Given the entries below, would you transcribe exactly the lines starting at the one with "Galvanized livestock metal" and ending at the one with "Aesa, femelle, croisée", both kept, pictures omitted, nothing extra?

START Supplied records

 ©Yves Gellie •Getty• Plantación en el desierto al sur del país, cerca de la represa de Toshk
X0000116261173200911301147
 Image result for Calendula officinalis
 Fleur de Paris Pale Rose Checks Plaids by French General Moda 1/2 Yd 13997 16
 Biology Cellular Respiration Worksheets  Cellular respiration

END Supplied records
START Supplied records

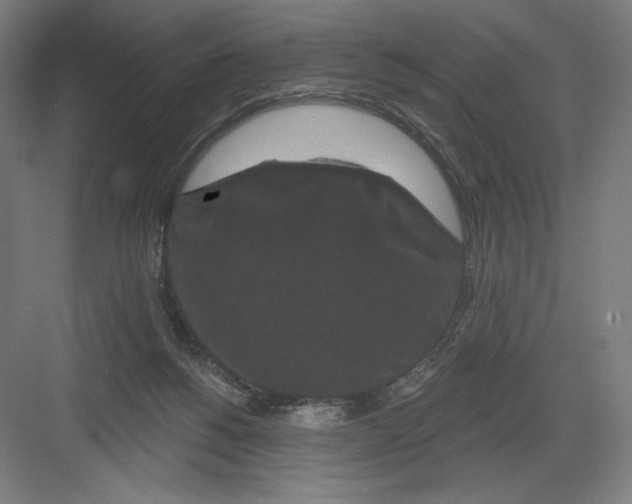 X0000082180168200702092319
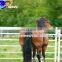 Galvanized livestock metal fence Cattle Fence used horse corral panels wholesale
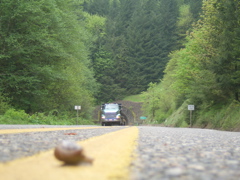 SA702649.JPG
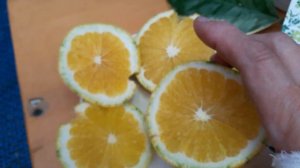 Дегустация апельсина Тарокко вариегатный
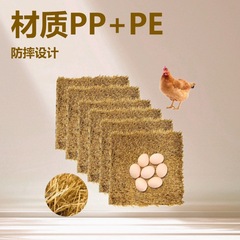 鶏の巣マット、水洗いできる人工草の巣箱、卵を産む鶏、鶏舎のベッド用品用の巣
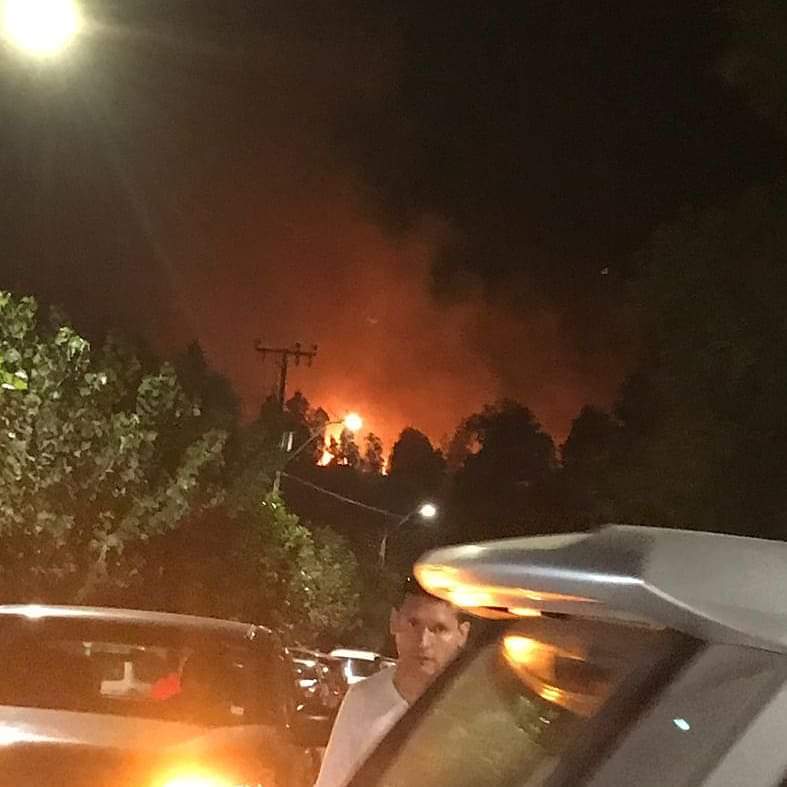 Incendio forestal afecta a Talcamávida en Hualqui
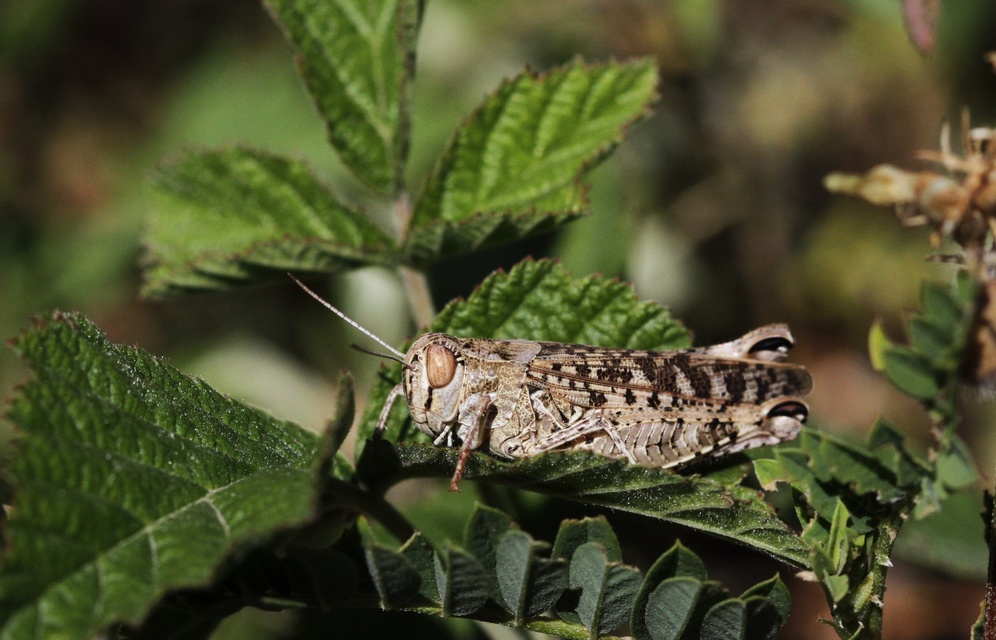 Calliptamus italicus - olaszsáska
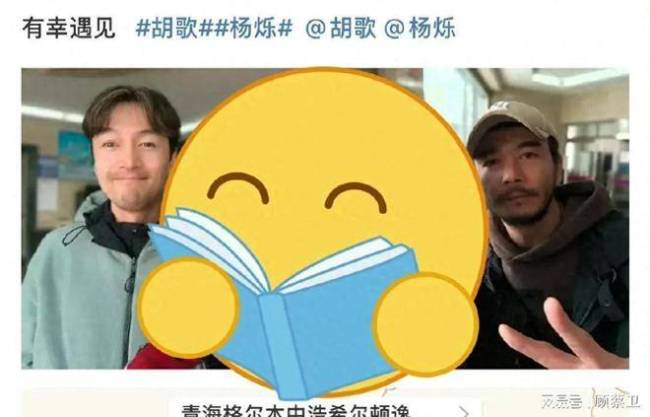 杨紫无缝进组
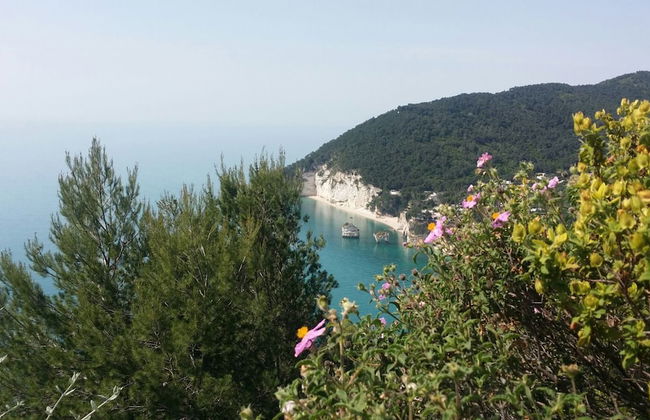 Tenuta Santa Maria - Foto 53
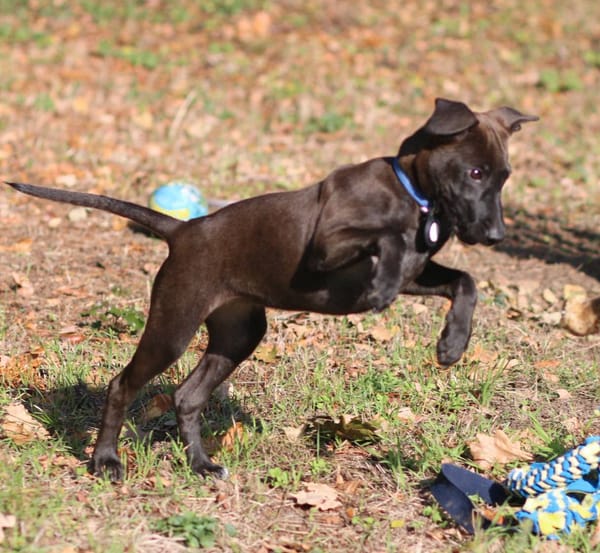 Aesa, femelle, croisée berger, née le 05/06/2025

END Supplied records
START Supplied records

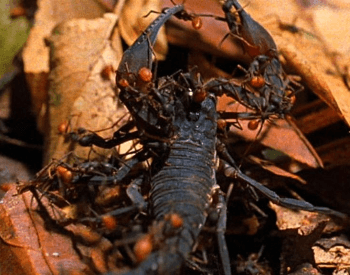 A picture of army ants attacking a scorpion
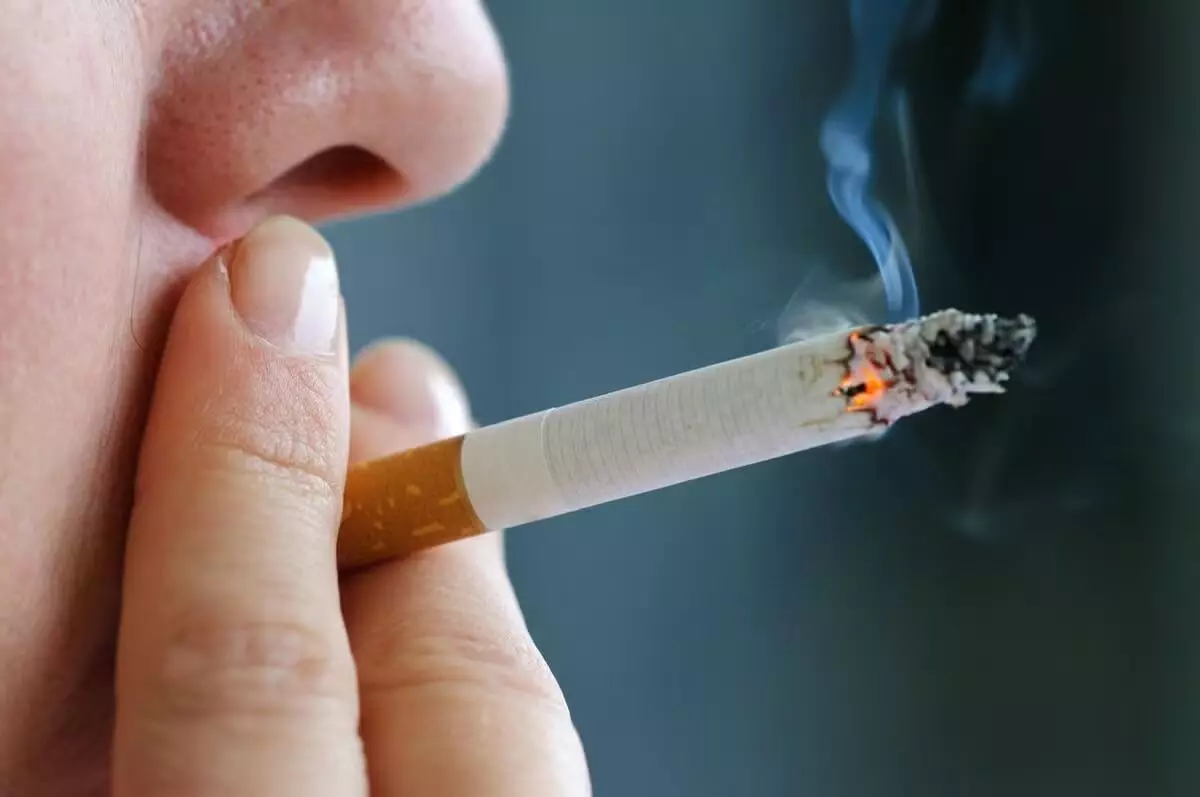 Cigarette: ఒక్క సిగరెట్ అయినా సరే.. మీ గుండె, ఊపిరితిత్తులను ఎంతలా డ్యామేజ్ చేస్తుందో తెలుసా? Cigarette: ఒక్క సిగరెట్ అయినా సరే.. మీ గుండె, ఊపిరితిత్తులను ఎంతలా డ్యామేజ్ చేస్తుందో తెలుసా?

END Supplied records

*Exercise answer*
 Galvanized livestock metal fence Cattle Fence used horse corral panels wholesale
 SA702649.JPG
 Дегустация апельсина Тарокко вариегатный
 鶏の巣マット、水洗いできる人工草の巣箱、卵を産む鶏、鶏舎のベッド用品用の巣
 Incendio forestal afecta a Talcamávida en Hualqui
 Calliptamus italicus - olaszsáska
 杨紫无缝进组
 Tenuta Santa Maria - Foto 53
 Aesa, femelle, croisée berger, née le 05/06/2025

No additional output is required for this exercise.